START Data
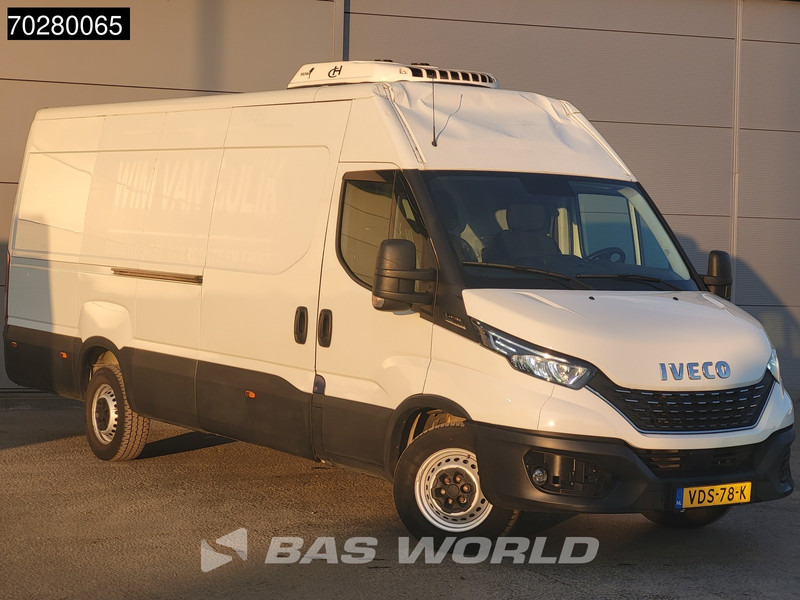 Iveco Daily 35S16 Automaat Koelwagen Konvekta FR4.1 LED Airco Cruise Koel Koeler Kühl Kühlwagen 16m3 Airco Cruise control - Carrinha frigorífica: foto 3 Iveco Daily 35S16 Automaat Koelwagen Konvekta FR4.1 LED Airco Cruise Koel Koeler Kühl Kühlwagen 16m3 Airco Cruise control - Carrinha frigorífica: foto 3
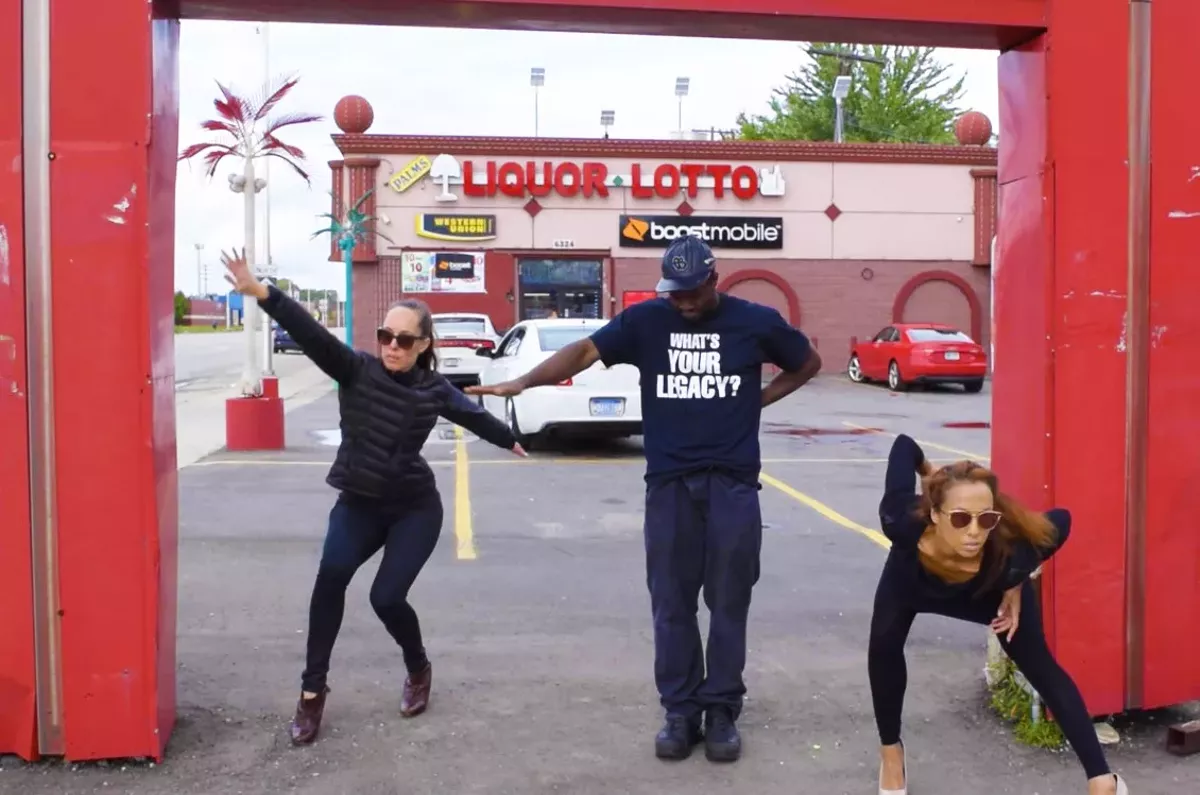 Image: Maya Stovall: Liquor Store Theatre Performance Films.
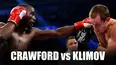 Terence Crawford vs. Andrey Klimov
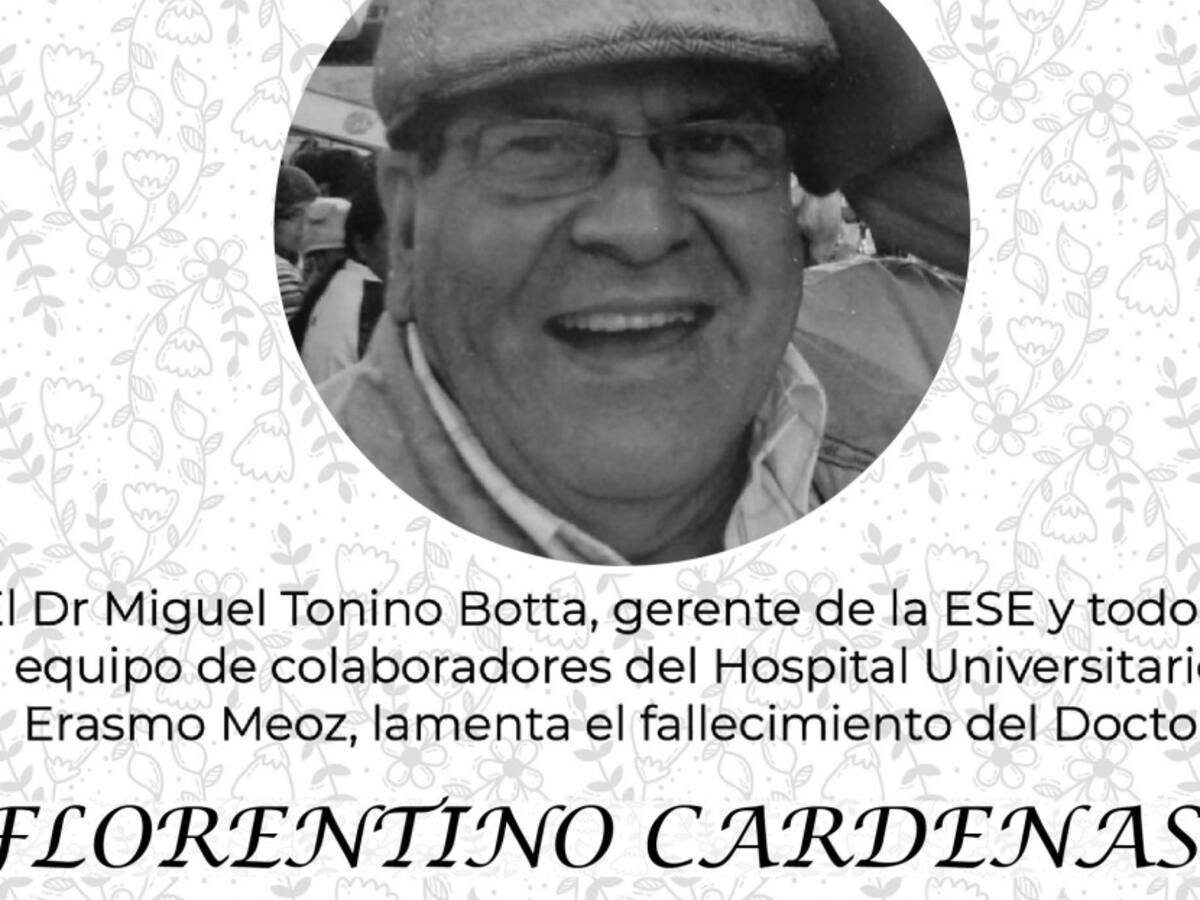 Luto en gremio médico de Cúcuta por COVID-19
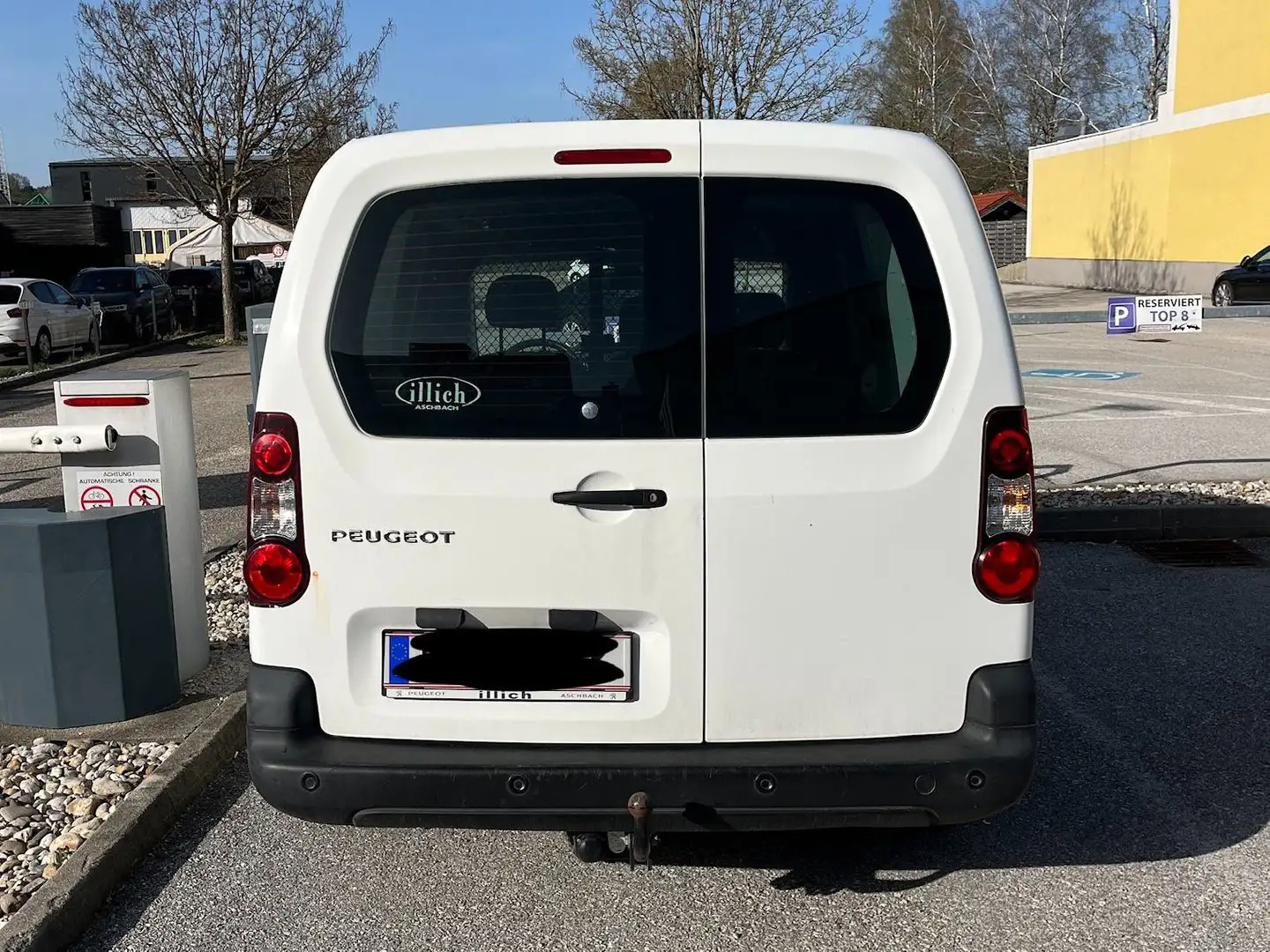 Peugeot Partner Partner Professional Line 1,6 HDi Weiß - 2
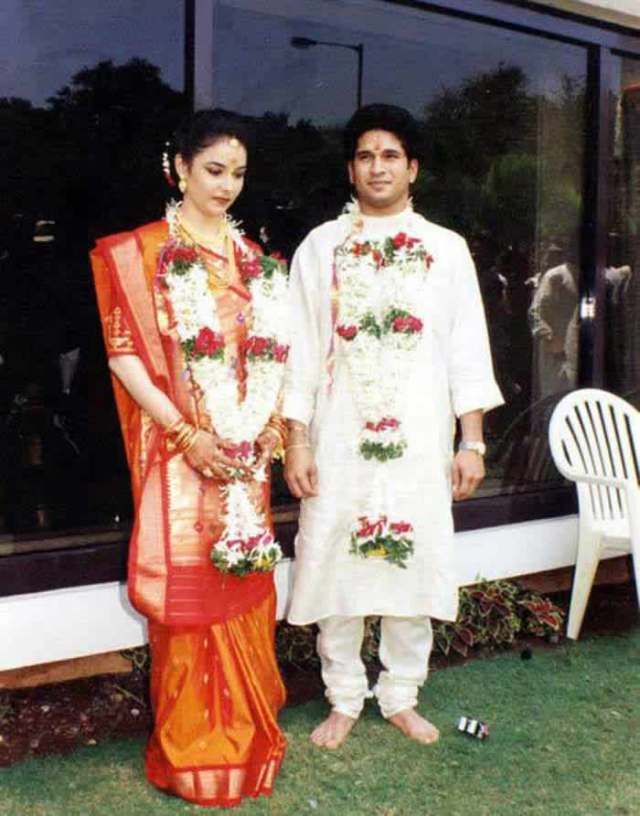 The Lesser Known Tale of Batting Maestro Sachin Tendulkar and Anjali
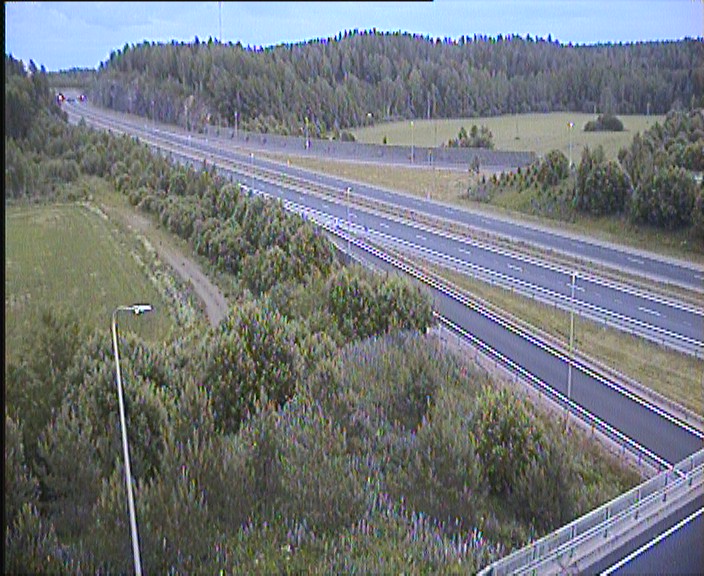 Weather Camera Image Väg 1 Lojo, Sammatti, Lohja, Uusimaa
END Data
Task brief => Leaving out every picture, transcribe exactly the lines from the line that contains "The Lesser Known" through the final line of the entries above.

Output of the task =>
 The Lesser Known Tale of Batting Maestro Sachin Tendulkar and Anjali
 Weather Camera Image Väg 1 Lojo, Sammatti, Lohja, Uusimaa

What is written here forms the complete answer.